Why EPA has dismissed half of its key board’s scientific advisers?
Nine scientists have been dismissed from the EPA’s 18-person Board of Scientific Counselors—ostensibly to include more voices from regulated industries, though the scientists say their work was apolitical and did not involve regulations. The US government has also postponed an important meeting scheduled for Tuesday to determine whether the country should or should not withdraw from the Paris Agreement on climate change, a matter that President Donald Trump promised to decide this month.
Last Friday, nine scientists have been dismissed from the Environmental Protection Agency (EPA) 's 18-person Board of Scientific Counselors—ostensibly to include more voices from regulated industries, though the scientists say their work was apolitical and did not involve regulations, as reported in The Atlantic.
Preparing response to natural Pandemics and biological terrorism are among the strategic responsibilities of the EPA scientific board, which Trump has decided to fire (at least half of them).
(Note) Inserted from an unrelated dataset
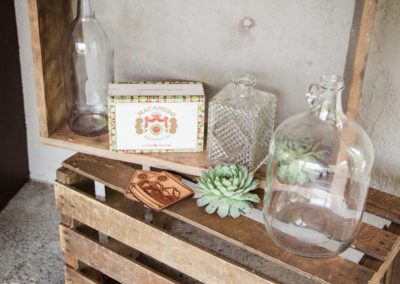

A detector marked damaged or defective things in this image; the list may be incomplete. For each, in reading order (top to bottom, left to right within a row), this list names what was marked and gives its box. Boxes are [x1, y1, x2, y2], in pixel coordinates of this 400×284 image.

cracked wall surface [360, 0, 400, 195]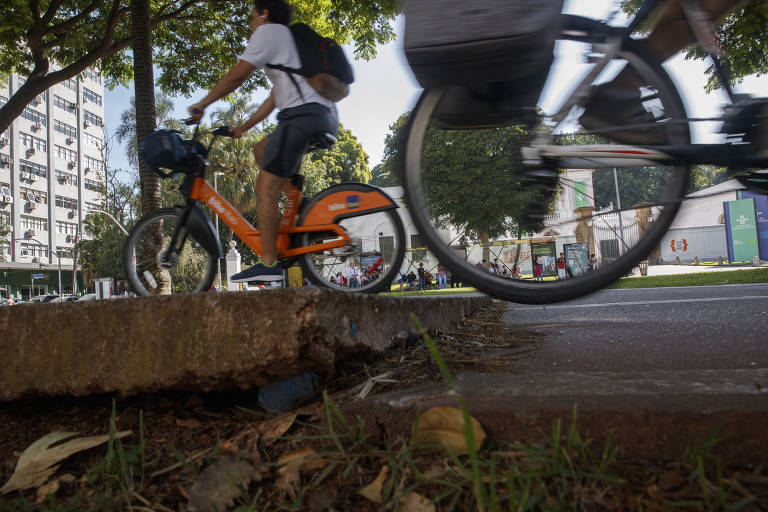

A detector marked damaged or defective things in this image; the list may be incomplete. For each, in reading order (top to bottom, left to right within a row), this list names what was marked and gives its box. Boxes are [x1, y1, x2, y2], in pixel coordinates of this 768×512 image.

cracked concrete slab [0, 288, 488, 400]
For example, the EPA scientific board is responsible for managing public health crisis, like avoiding the spread of Ebola disease by controlling the disposal of medical waste who had come into contact with the virus.
Behind the decision to dismiss the nine scientific counselors is Scott Pruitt, the controversial new Administrator of the EPA, appointed by Trump. The head of the EPA has said he is not convinced carbon dioxide from human activity is the main driver of climate change and wants Congress to weigh in on whether CO2 should be regulated.
According to The Washington Post, "Pruitt is planning a much broader overhaul of how the agency conducts its scientific analysis. In the past years, Republican lawmakers have frequently criticized the Clean Air Scientific Advisory Committee (CASAC) for its recommendation that the EPA impose much stricter curbs on smog-forming ozone. Most of the members of EPA’s Board of Scientific Counselors were appointed in the second term of Obama's mandate and expected to be kept on for another term. However, they were not political appointees, but scientific appointees.
“Today, I was Trumped,” tweeted Robert Richardson, an ecological economist and an associate professor in Michigan State University’s Department of Community Sustainability. “I’ve never heard of any circumstance where someone didn’t serve two consecutive terms,” he said, adding that the dismissals gave him “great concern that objective science is being marginalized in this administration.”
The Guardian reported that the nine academics who have been suspended worked on matters including toxic water pollution, climate change and chemical safety. "The decision to not renew them as members of the Board reflects how the Trump administration is trying to put the scientific board "in line with its industry-friendly agenda, which is not exactly friendly to pollution regulatory rules.
By the way, on Wednesday the United States government announced that is postponing an important meeting scheduled for Tuesday to determine whether the country should or should not withdraw from the Paris Agreement on climate change, a matter that President Donald Trump promised to decide this month.